WHAT YOU HAVE TO DO >> From the entries below, transcribe exactly the lines between the line holding "HERO WC : Play" and the line holding "MAXXIVA Hantelscheiben 2er", inclusive; skip all other lines.

SUPPLIED MATERIAL >>

***

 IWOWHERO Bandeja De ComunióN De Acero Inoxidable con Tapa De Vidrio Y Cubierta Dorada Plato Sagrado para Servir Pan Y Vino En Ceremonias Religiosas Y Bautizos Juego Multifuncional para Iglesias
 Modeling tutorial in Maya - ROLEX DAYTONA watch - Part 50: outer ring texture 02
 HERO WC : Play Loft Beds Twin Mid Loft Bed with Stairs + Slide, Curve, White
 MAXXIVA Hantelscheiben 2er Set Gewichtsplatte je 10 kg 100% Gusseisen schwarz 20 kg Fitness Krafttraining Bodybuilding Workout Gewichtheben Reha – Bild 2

***

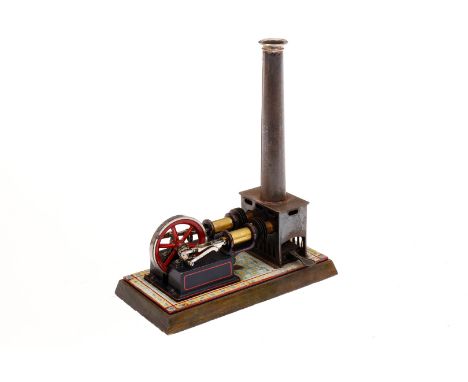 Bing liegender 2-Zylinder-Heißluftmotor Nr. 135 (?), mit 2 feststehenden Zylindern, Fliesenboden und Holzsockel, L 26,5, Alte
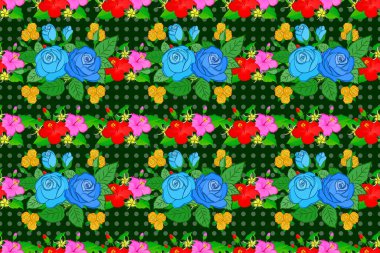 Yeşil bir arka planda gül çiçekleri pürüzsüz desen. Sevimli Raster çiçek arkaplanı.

***

WRITTEN RESPONSE >>
 HERO WC : Play Loft Beds Twin Mid Loft Bed with Stairs + Slide, Curve, White
 MAXXIVA Hantelscheiben 2er Set Gewichtsplatte je 10 kg 100% Gusseisen schwarz 20 kg Fitness Krafttraining Bodybuilding Workout Gewichtheben Reha – Bild 2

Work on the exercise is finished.